Review: ‘The Little Things’ is a Police Procedural that Leaves a Lot to be Desired

January 28, 2021Ben MK



   
What do you get when you put three Oscar winners in a movie together? The answer may seem like a surefire strategy for box office success, but in the particular case of writer-director John Lee Hancock's slow-burn crime thriller The Little Things, the outcome might surprise you.

Set in late 1990, the film follows Joe Deacon (Denzel Washington), a Deputy with California's Kern County Sheriff's Department traumatized by a triple murder investigation he could never solve. Now, half a decade after his relentless and self-destructive pursuit of that killer cost him his career at the Los Angeles Sheriff's Department, his marriage, and very nearly his life, Joe finds himself struggling to come to terms with those disturbing events from his past, when a new case forces him to relive the nightmare all over again.

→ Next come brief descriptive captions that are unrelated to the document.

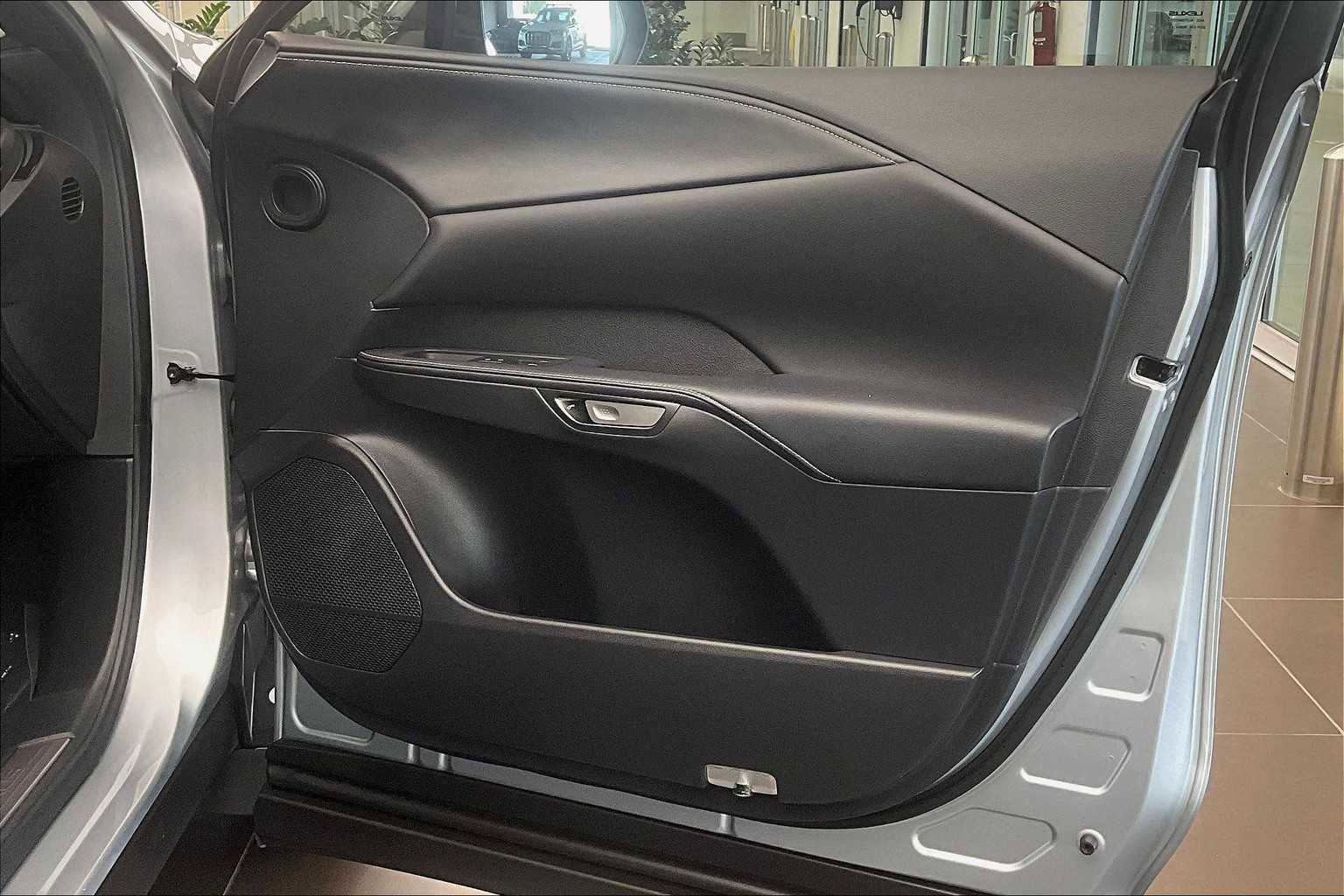 Used 2023 Lexus RX 350 Premium w/ Accessory Package (Z1) image 43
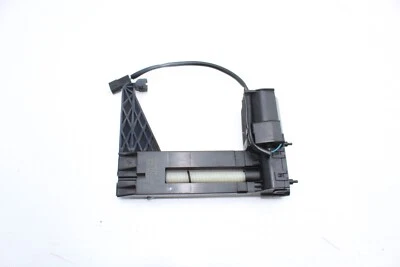 2004-2007 BMW 530I FRONT RIGHT SIDE SEAT HEADREST MOTOR ADJUSTMENT U1384 - Image 1 of 4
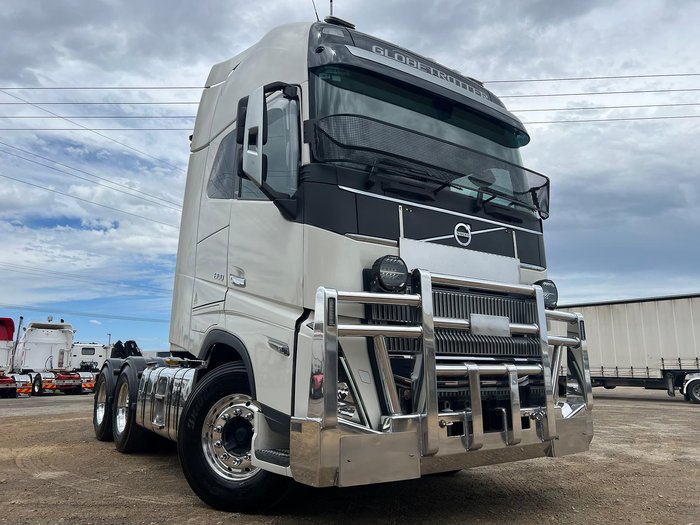 2022 Volvo Fh600 Globetrotter 131 Tonne Gcm. B DOUBLE/ROAD TRAIN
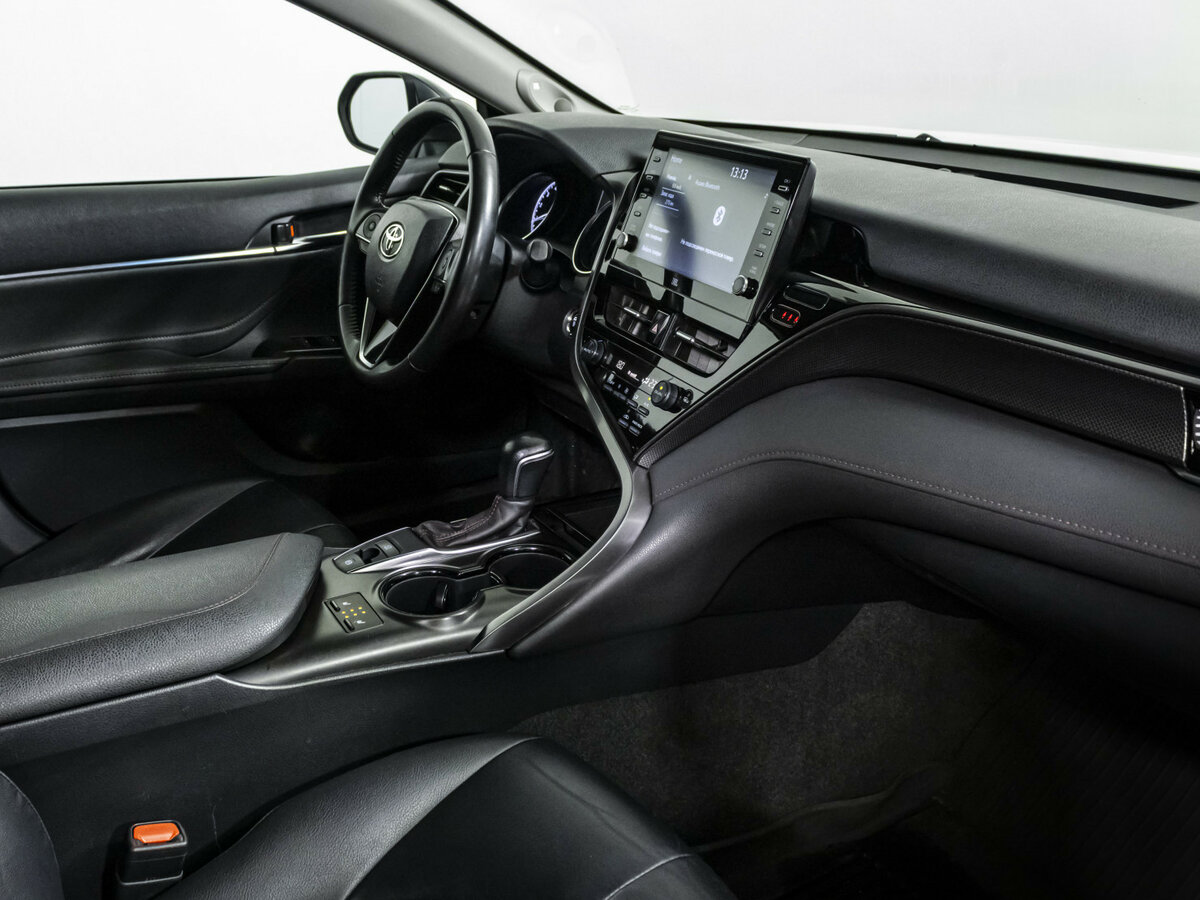 Toyota Camry VIII (XV70) Рестайлинг, 2021 - 135 096 км. | Фото №7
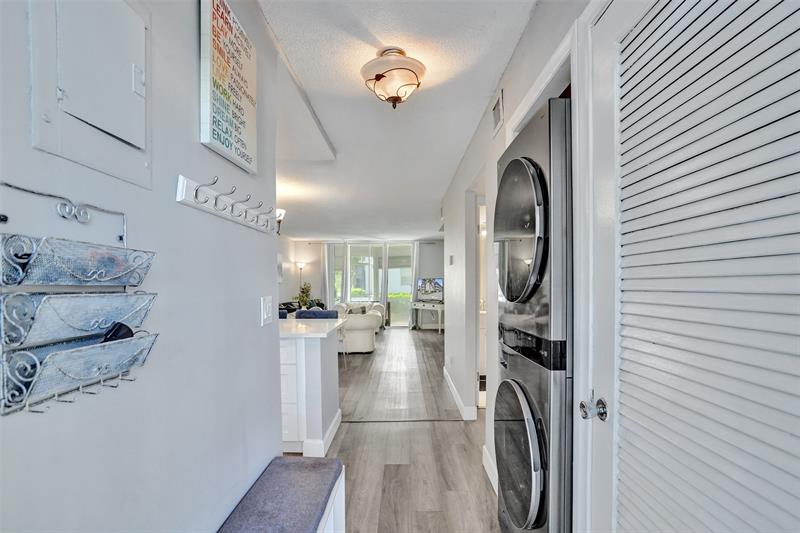 Image 4 of 49 For 400 10th St  117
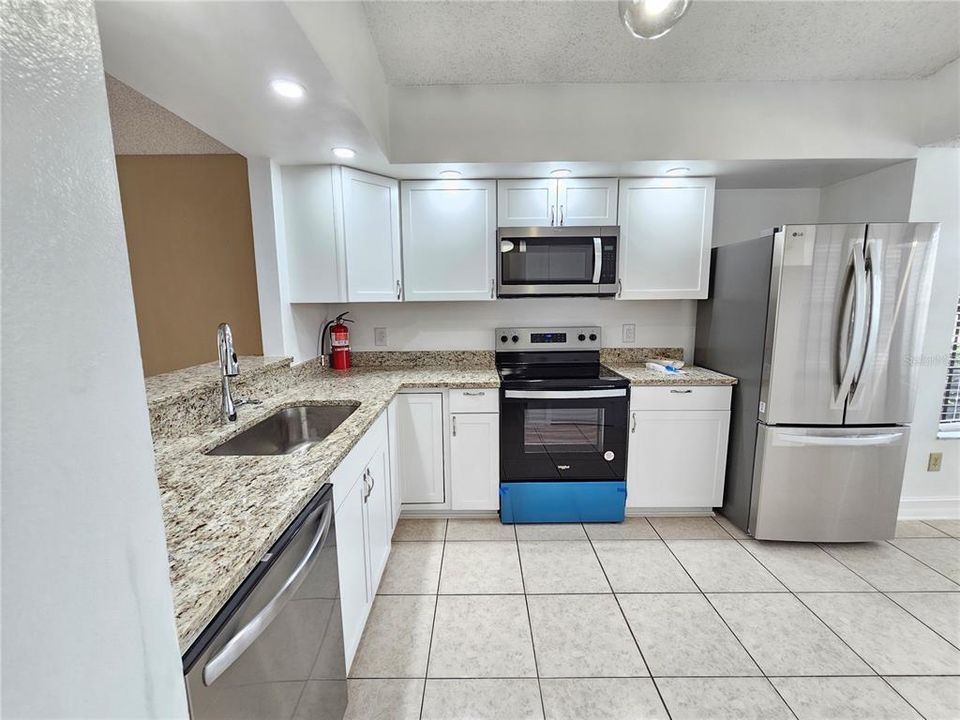 For Rent: $2,400 (3 beds, 2 baths, 1351 Square Feet)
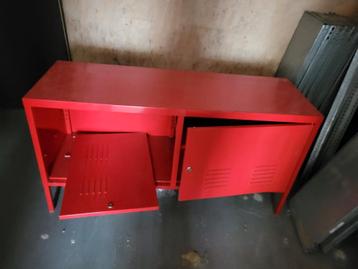 Locker Ikea tv meubel rood beschikbaar voor biedingen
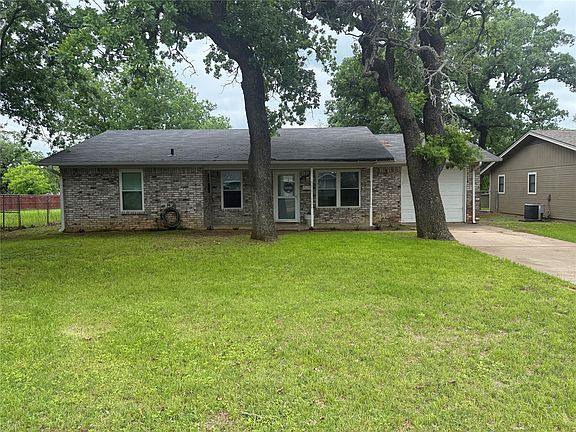 2nd image of 1530 W Groesbeck St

Teaming up with his successor, up-and-coming detective Jim Baxter (Rami Malek), Joe is drawn into the details of a brutal homicide, as well as a missing persons case, that bears eerie similarities to the horrific crime that still haunts him to this day. But when the pair hit a roadblock with their prime suspect — a loner and self-described crime buff by the name of Albert Sparma (Jared Leto) — Joe and Jim must take matters into their own hands, as the latter begins to develop a personal connection to the job that threatens the integrity of their investigation.

What follows harkens back to such '90s cat-and-mouse thrillers as The Silence of the Lambs, Seven and Fallen. However, despite Hancock's skillful direction and yet another reliable performance from Washington, the final product can't quite manage to grip the audience's attention in the same way. Part of the blame falls squarely on the story itself, which spends far too much time teasing a climactic resolution that never materializes. Equally problematic, though, are Malek and Leto, whose apparent eagerness to outclass Washington effectively reduces their characters to little more than caricatures of the genre's best known tropes.

Of course, that's not to say the result is a total wash. Fans of hard-boiled police procedurals will no doubt find some degree of satisfaction in the movie's brooding atmosphere and the way it evokes the noir detective dramas of decades past. For everyone else, however, The Little Things leaves a lot to be desired.


The Little Things releases January 29th, 2021 from Warner Bros. Pictures. The film has an MPAA rating of R for violent/disturbing images, language and full nudity. Its runtime is 2 hrs. 7 min.